En fait, les conditions de vie qui nous éprouvent (à quelque degré que ce soit) ou, pour le formuler plus justement, la manière dont nous nous sentons affectés par les événements reflète celle dont nous nous sommes sentis traités depuis toujours, depuis notre prime enfance. De façon peut-être plus inattendue, parfois subtilement transposée, on découvre bientôt que c’est encore la façon dont nous nous traitons nous-mêmes. Traitement enduré ou interprété, traitement craint, traitement « re-présenté », traitement auto-infligé… Il s’agit là de notre blessure existentielle.

Selon notre identification avec notre histoire personnelle, nous déplorons plus ou moins d’être abandonnés (négligés), dévalorisés (rabaissés), maltraités (accablés), rejetés (ignorés) et/ou trahis (abusés).
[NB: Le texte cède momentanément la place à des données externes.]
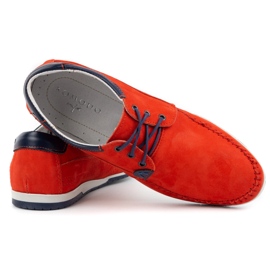 KOMODO Zapatos Mocasines de hombre 875 rojo 3
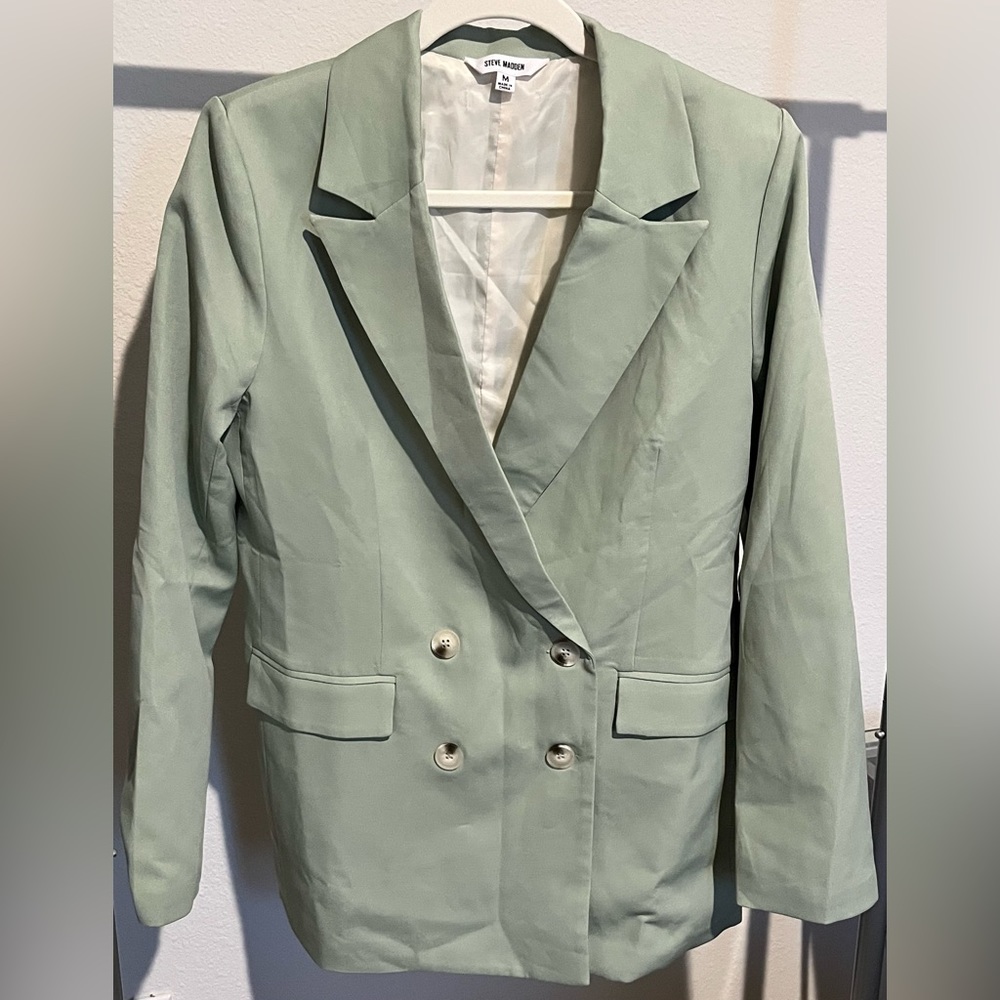 Steve Madden Blazer Women’s Size Medium Green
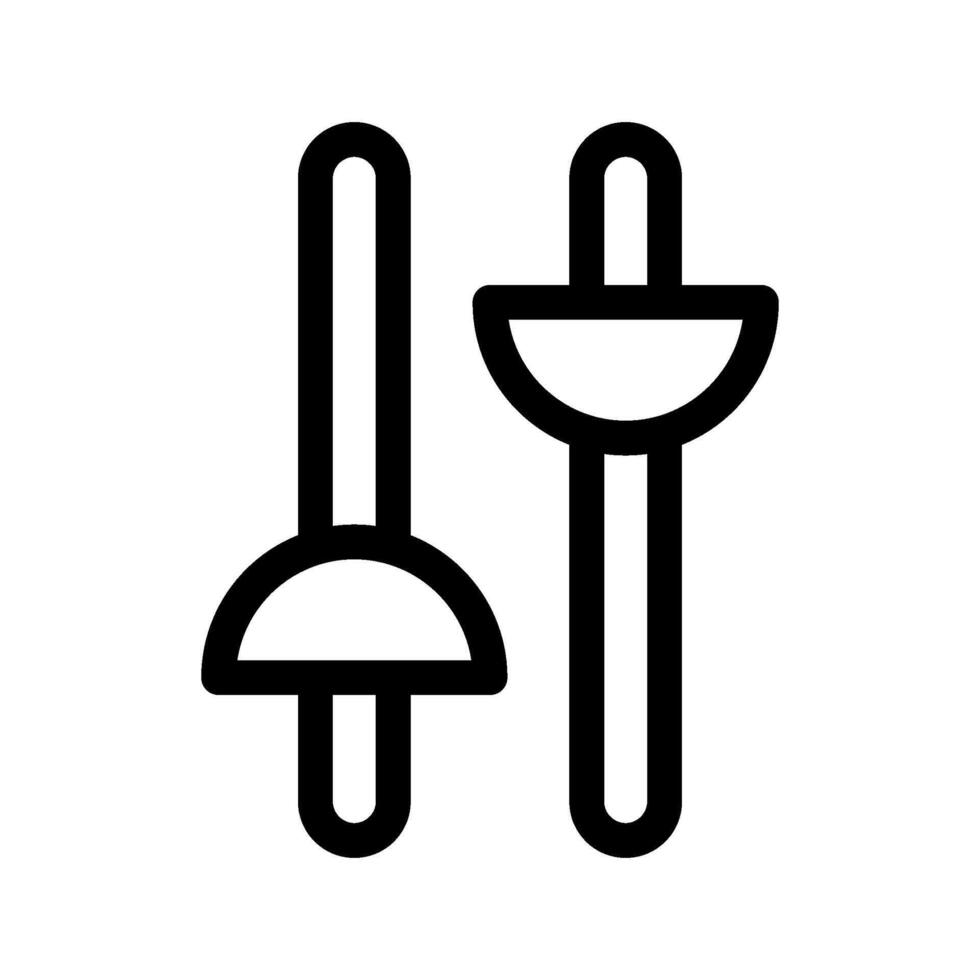 Fencing Icon Symbol Design Illustration vector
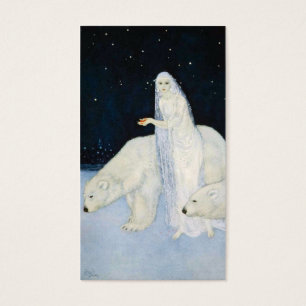 Polar Bear Christmas Gift Tags Cards Edmund Dulac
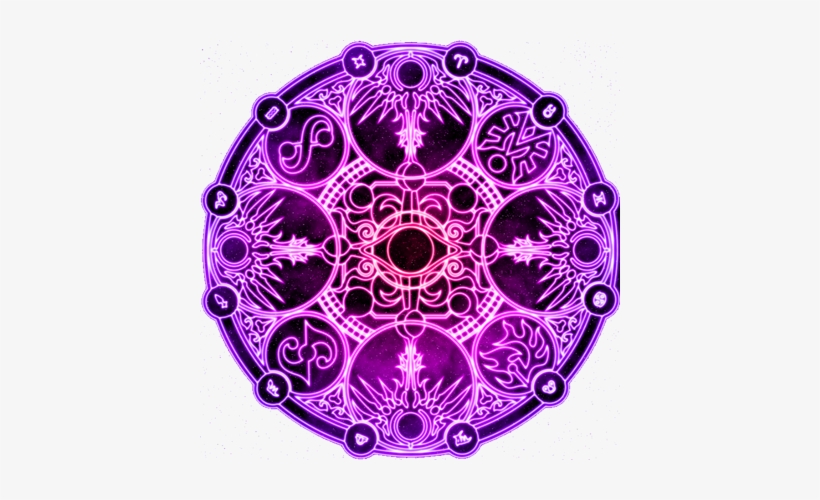 Shiro's Eternal Mangekyō Sharingan - Yuna D Kaito Magic Circle, transparent png #913144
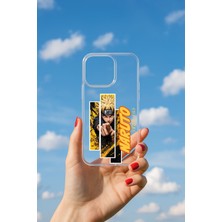 Demina iPhone 14 Pro Max Uyumlu Soyulmayan Anime Baskılı Şeffaf Yumuşak Kılıf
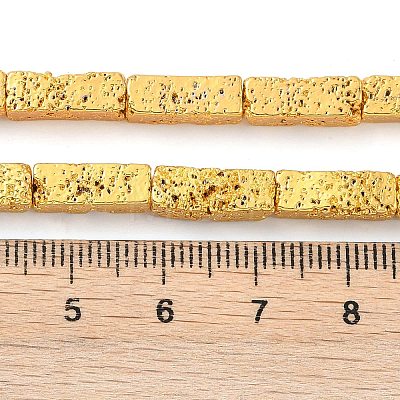 Electroplated Synthetic Non-Magnetic Hematite Beads Strands G-U003-15A-1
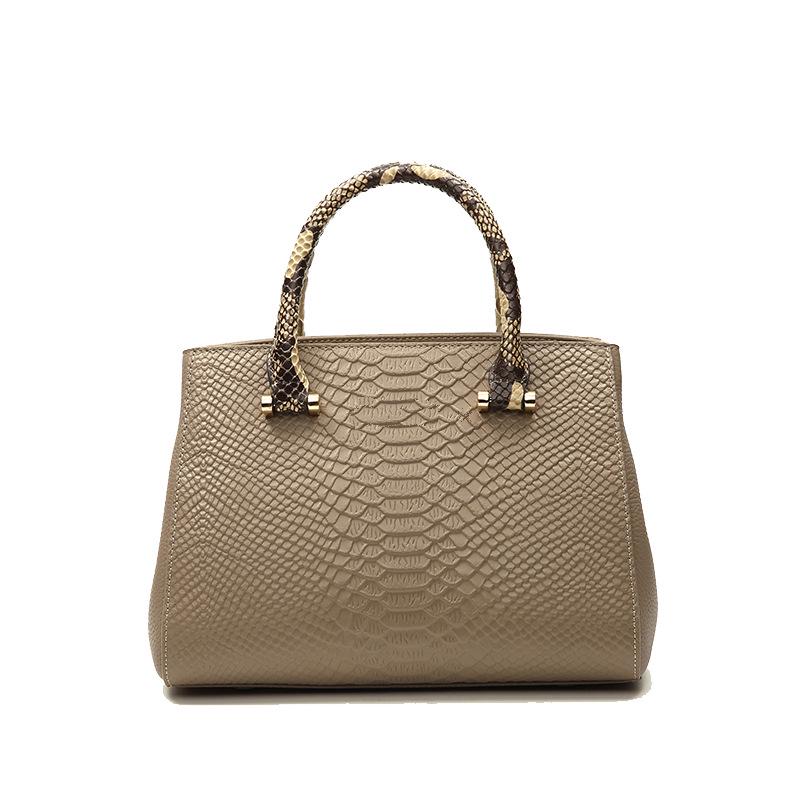 

2025 High-End Ladies Handbag: Genuine Cowhide Leather with Crocodile Pattern, Stylish Cross-Border Design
Ce sont les cinq blessures qui fondent notre conditionnement et que je présente dans mon dernier livre.

Chose remarquable et surtout transformatrice dès lors qu’elle est considérée, notre blessure principale dicte nos réactions ordinaires (jusqu’à la façon dont nous résistons au mieux-être), ainsi que nos peurs, nos croyances que je dis auto-accusatrices, nos goûts. Elle nous attire les conditions de vie particulières que nous pouvons déplorer. Bref, nous lui devons beaucoup de notre personnalité et notre souffrance déchirante ou résiduelle. Si vous pouvez vous permettre de reconnaître que vous en voulez à telle personne de votre entourage, à telle situation même qui vous contrarie, demandez-vous comment vous vous sentez traité en la circonstance. Votre réponse pourrait vous donner une première bonne idée de ce dont je parle.

La personne incriminée ou la circonstance déplorable ravive seulement du douloureux en soi qui n’a jamais pu être considéré, exprimé. Ça reste à faire ! La prise en compte de nos blessures nous permet de reconnaître nos identifications, de nous rapprocher ce faisant de notre véritable nature, de qui nous sommes au-delà de nos conditionnements. Et quand nous avons reconnu la réalité des blessures humaines, nous avons également plus de compassion envers nos proches et le monde.

Avec un coeur ouvert, identifier sa blessure (ou ses blessures), c’est renoncer peu à peu à sa culpabilité qui souvent s’appelle honte. C’est reconnaître différemment ce que l’on ne veut pas (mais cette fois sans l’affirmer de façon réactionnelle) et pouvoir enfin préférer diriger son attention sur ce à quoi l’on aspire. En jugeant le résultat parfois bon parfois mauvais, on crée sa vie au moyen de notre ambiance intérieure. Est-elle heureuse ? Est-elle malheureuse ? Si vous voulez vous attirer de quoi être demain insatisfait, malheureux, continuez d’être aujourd’hui insatisfait et malheureux. Si c’est au bien-être que vous aspirez, soyez bien ici et maintenant.